Later in the afternoon, the Centre for Women’s and Gender Studies presents a series of events to draw attention to missing and murdered Indigenous women and girls.

An art installation and poster display will highlight The REDress Project, which uses red dresses to symbolize Indigenous women who have disappeared or been killed. There will also be banners in high-traffic areas that will highlight personal stories of missing and murdered Indigenous women and girls.

At 3 p.m., a Round Dance supported by Indigenous women drummers will be held in Market Hall. This will be followed at 4 p.m. by a panel discussion featuring Robyn Bourgeois, an Indigenous scholar and assistant professor in the Centre for Women’s and Gender Studies, in AS 215.

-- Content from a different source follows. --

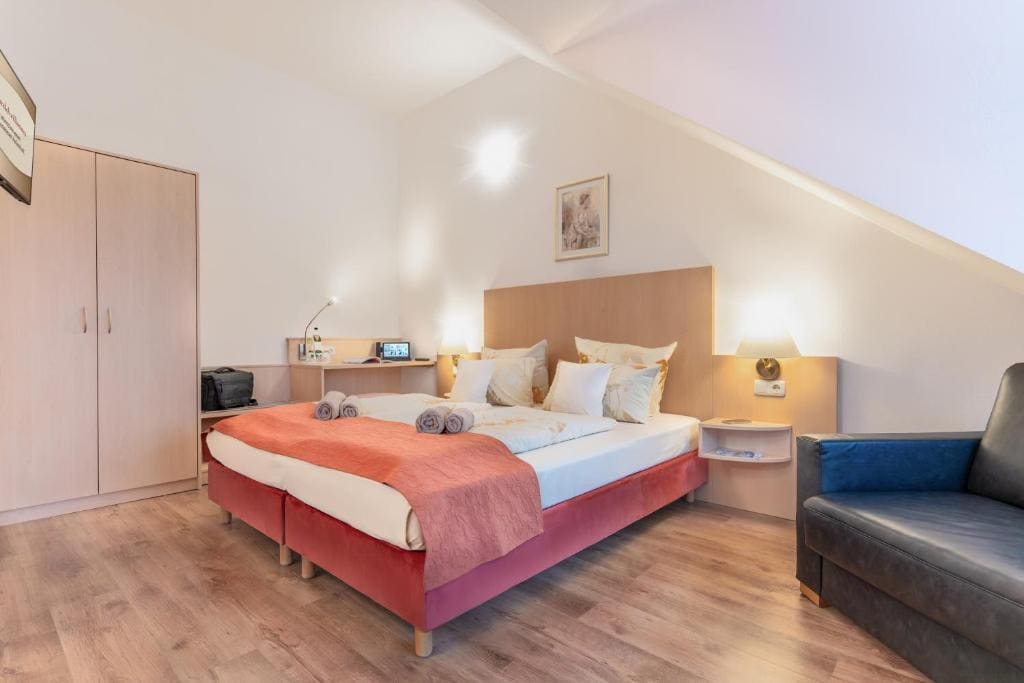 Large Double Room room - Image 2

“The REDress Project and poster display will provide a powerful memorial to Indigenous women who have gone missing or been murdered,” said Margot Francis, Associate Professor in the Centre for Women’s and Gender Studies and co-organizer of the day’s events.

Francis said Indigenous women are nearly three times more likely to be killed by a stranger than non-Indigenous women, and nearly half of their cases remain unsolved.

“The most recent of these unsolved cases, that of 15-year-old Tina Fontaine of the Sagkeeng First Nation in Manitoba, who was murdered in 2014, exemplifies the failures of the justice system to address this violence.”

Jane Theriault-Norman, a student of Mi’kmaw and settler heritage and a second-year Kinesiology major who also helped organize the day’s events, said she was excited and nervous to see the red dresses hanging around the Brock campus.

“While the installation will be powerful and beautiful, I know it will also be emotional to be confronted with such a strong visual reminder of the violence Indigenous women, girls and gender minorities endure.”

The Centre’s events were organized in partnership with Aboriginal Student Services, the BUSU Student Justice Centre, the Human Rights and Equity Office and the Ontario Public Interest Research Group, and were supported by the Graduate Students’ Association, OSSTF District 35, Social Justice and Equity Studies, Student Life, the Tecumseh Centre of Aboriginal Research and Education, the Vice-Provost Teaching, Learning and Student Success, the Indigenous Solidarity Coalition, Brock Aboriginal Education Council and CUPE Local 4207.

All events are open to the public, and everyone is welcome.